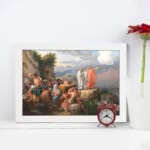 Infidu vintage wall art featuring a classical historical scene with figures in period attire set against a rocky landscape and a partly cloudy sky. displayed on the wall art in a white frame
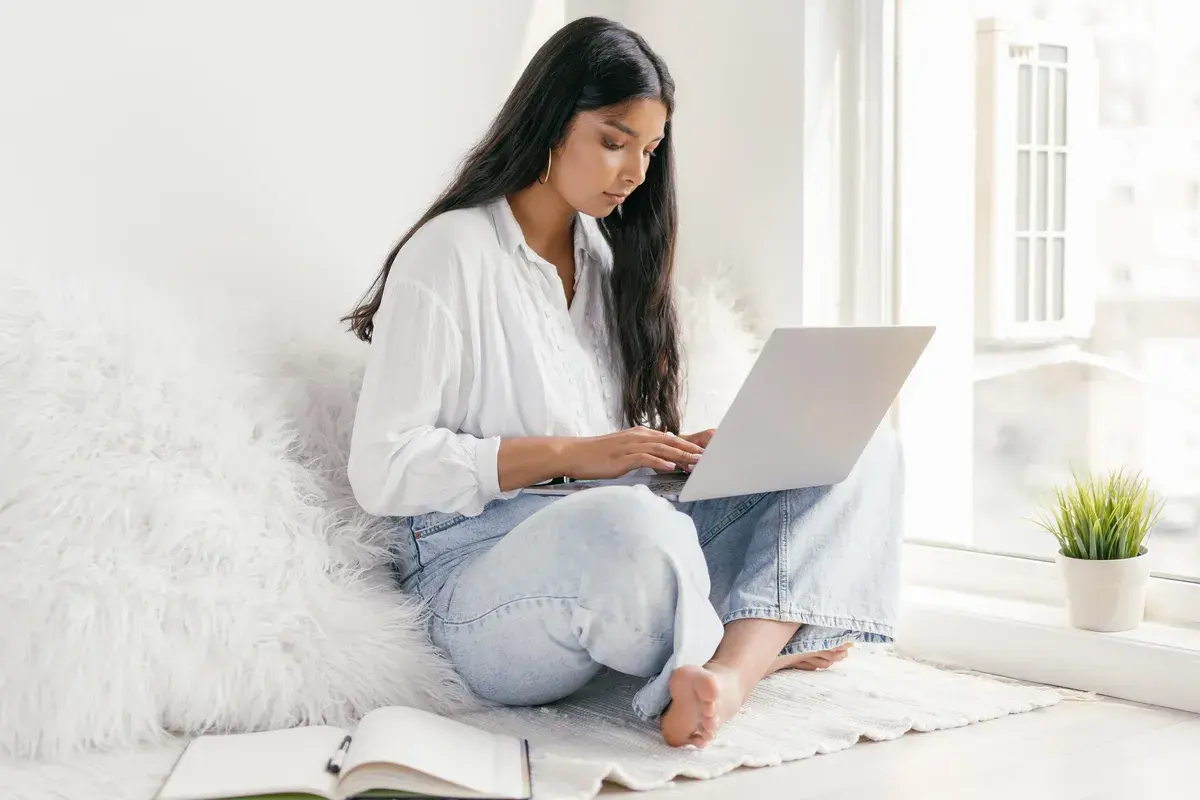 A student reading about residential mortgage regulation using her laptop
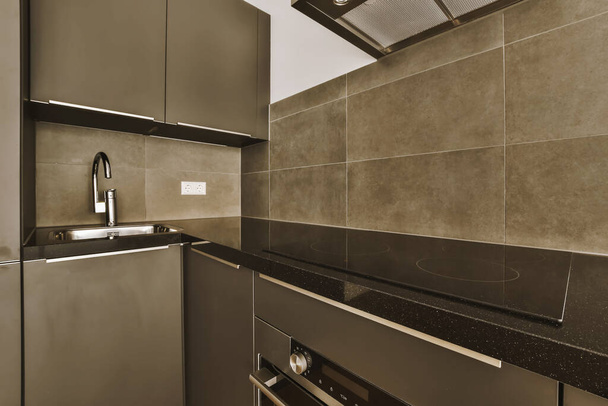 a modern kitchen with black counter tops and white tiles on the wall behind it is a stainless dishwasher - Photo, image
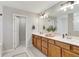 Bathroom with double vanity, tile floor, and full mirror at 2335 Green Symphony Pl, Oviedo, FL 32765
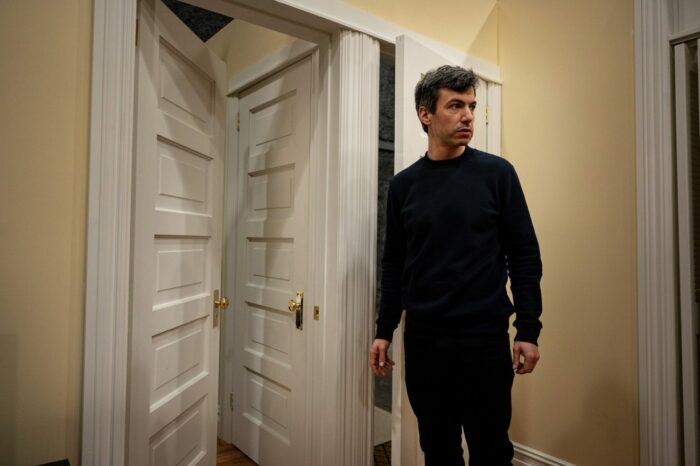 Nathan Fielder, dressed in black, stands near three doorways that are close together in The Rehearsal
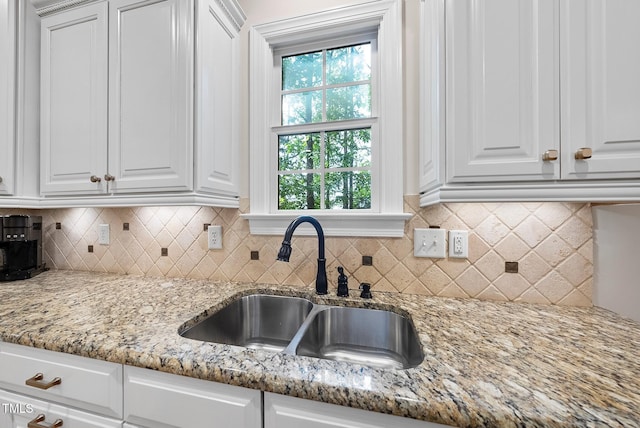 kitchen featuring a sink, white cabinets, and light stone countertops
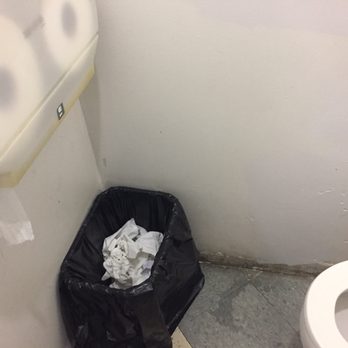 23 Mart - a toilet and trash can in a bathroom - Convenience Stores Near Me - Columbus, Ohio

━━━━

WHAT YOU ARE ASKED TO DO: When you repeat the data, keep it exact and drop every picture.

ANSWER SECTION:
 Infidu vintage wall art featuring a classical historical scene with figures in period attire set against a rocky landscape and a partly cloudy sky. displayed on the wall art in a white frame
 A student reading about residential mortgage regulation using her laptop
 a modern kitchen with black counter tops and white tiles on the wall behind it is a stainless dishwasher - Photo, image
 Bathroom with double vanity, tile floor, and full mirror at 2335 Green Symphony Pl, Oviedo, FL 32765
 Nathan Fielder, dressed in black, stands near three doorways that are close together in The Rehearsal
 kitchen featuring a sink, white cabinets, and light stone countertops
 23 Mart - a toilet and trash can in a bathroom - Convenience Stores Near Me - Columbus, Ohio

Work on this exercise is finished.